Welcome to "Playwright Spotlight" — your exclusive backstage pass to the creative minds crafting the incredible plays featured in our Theatrefolk catalogue. Discover the magic, quirks, and genius of the playwrights who help bring the stage to life. Let's meet one of these exceptional playwrights who offers the chance for your student performers to shine in their spotlight.


What inspired you to start writing plays specifically for high school & middle school students?

I taught playwriting to middle through high school students for many years at an arts magnet school and with several theatre companies. I also wrote plays on topics of science and biodiversity that toured to K-12 students throughout western Pennsylvania. I've spent a lot of time with this age group. They have their own stories to tell and their own particular interests. I like working with them.


Can you share a bit about your creative process when developing plays that resonate with students?

For me, an idea has to resonate within myself first. If it's not important to me, how can it be important to anyone else, no matter their age? I also write fiction, so when an idea comes to me for any story, it generally comes with a sense of who the audience is and the genre -- those are both essential parts of any story. Then, I have to do the work to shape it accordingly. Writing for a younger audience means I have to be a partner with them and be able to go along for the ride in the same way they will, understanding their concerns, language, environments, influences, etc. And, I have to say, it's still very easy for me to feel like a kid.


Are there any challenges you face when writing for student performers, and how do you overcome them?

I always have to be careful about the complexity of my language. I love Shakespeare, I love Dickens, I studied Latin for five years. I can tolerate a level of complexity that a younger person may struggle with. BUT I also want to be playful with language even when working towards crafting dialogue that rings true.


What themes or messages do you aim to convey through your plays?

I have the goal for everything that I write these days for it to instill the importance of caring and community. No matter if comedy, drama, parody, realism, historical, contemporary -- it all comes down to what we're making of this world and hoping that that is a caring community for one and all.


How do you balance education and fun in your scripts?

For me, education is fun!


Can you share a memorable experience or feedback from a student performance that left an impact on you?

I have SOOOO many from our annual one-act festival of student-written plays and student performances (mentioned below). One that stands out is a play about a young teen coming out to his parents as gay. We produced that play at our middle school and the student audience was, at first, a bit tentative and uncomfortable with the situation. But by the end, they really cared for and understood the character, and were rooting for him. You could feel the wave of emotion running through the theatre. It was amazing. A very powerful experience for us all.


Any advice for teachers or directors looking to choose engaging and age-appropriate plays for their student performers?

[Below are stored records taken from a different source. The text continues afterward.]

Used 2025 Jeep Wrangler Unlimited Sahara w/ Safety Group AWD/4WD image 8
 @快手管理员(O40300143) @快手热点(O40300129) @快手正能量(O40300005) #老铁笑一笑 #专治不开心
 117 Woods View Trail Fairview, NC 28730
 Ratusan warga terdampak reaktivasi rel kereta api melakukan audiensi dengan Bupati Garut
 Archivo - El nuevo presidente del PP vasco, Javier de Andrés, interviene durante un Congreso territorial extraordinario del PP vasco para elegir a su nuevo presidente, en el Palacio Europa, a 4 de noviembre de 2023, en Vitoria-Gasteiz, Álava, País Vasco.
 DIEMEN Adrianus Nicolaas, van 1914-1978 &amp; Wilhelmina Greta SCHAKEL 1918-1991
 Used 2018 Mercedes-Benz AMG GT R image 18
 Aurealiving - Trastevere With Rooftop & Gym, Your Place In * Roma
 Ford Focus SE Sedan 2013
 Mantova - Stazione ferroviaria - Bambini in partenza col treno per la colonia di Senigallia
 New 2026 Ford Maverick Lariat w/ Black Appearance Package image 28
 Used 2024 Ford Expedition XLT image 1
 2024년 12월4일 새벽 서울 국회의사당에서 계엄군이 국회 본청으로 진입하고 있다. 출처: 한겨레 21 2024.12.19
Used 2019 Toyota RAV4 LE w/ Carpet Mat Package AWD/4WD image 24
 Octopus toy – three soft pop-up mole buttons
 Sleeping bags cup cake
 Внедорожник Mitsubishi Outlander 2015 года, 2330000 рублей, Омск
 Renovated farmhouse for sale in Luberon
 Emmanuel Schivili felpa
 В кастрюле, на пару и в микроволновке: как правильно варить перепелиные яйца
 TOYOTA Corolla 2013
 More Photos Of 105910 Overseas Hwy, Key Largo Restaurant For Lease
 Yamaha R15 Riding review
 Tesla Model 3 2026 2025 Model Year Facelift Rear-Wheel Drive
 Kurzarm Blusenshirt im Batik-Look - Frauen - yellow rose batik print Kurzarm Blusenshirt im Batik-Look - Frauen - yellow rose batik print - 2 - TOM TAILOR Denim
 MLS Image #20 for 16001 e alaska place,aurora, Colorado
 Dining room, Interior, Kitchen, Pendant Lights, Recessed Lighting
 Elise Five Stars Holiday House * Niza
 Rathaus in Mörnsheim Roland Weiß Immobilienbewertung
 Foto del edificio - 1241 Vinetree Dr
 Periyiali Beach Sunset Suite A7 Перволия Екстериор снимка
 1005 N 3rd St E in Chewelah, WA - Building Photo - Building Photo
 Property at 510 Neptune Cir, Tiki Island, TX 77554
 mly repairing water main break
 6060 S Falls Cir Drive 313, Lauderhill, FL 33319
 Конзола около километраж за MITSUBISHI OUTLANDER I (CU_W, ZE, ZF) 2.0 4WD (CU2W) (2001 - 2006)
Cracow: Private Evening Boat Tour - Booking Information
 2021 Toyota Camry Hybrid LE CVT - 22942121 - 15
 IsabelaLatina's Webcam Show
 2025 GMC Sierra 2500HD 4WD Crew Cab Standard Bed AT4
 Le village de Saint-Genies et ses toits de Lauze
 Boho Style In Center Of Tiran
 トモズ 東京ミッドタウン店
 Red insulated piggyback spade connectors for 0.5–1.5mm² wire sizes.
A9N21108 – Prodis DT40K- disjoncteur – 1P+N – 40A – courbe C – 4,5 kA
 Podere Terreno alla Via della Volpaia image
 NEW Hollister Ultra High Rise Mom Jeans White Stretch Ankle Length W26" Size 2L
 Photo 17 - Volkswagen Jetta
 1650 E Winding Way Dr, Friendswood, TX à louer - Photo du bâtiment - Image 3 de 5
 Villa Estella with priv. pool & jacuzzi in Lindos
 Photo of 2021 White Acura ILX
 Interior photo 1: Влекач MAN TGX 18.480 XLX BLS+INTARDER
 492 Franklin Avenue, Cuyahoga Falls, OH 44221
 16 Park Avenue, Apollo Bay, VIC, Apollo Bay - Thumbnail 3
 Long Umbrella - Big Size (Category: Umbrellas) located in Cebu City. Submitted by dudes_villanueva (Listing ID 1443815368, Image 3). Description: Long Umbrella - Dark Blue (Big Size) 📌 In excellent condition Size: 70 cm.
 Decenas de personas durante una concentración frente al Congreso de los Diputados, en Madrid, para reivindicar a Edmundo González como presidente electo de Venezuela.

As a middle-school creative writing teacher for many years, I struggled finding age appropriate plays! That's probably why I wrote some. I think you have to like the play yourself before you can teach or direct it, so I just had to explore. I started a play-reading group where we'd read a play out loud in a group. That was a fun way to get to know more plays. My students also wrote their own plays and they wrote some pretty darn good ones. We had an annual one-act festival where we produced some plays along with scene work from each student. That was thrilling.


What is your favourite play you've written so far?

I've had a lot of plays produced, but only one play published so far: Upon a Sea of Dreams: A Journey on the Titanic, which I wrote for my students and which is very near to my heart. My favorite produced but unpublished play is a little ditty called "Lucky Day." It's set in a world where every single life activity is accompanied by the chance to win a billion dollars. Silly but prescient.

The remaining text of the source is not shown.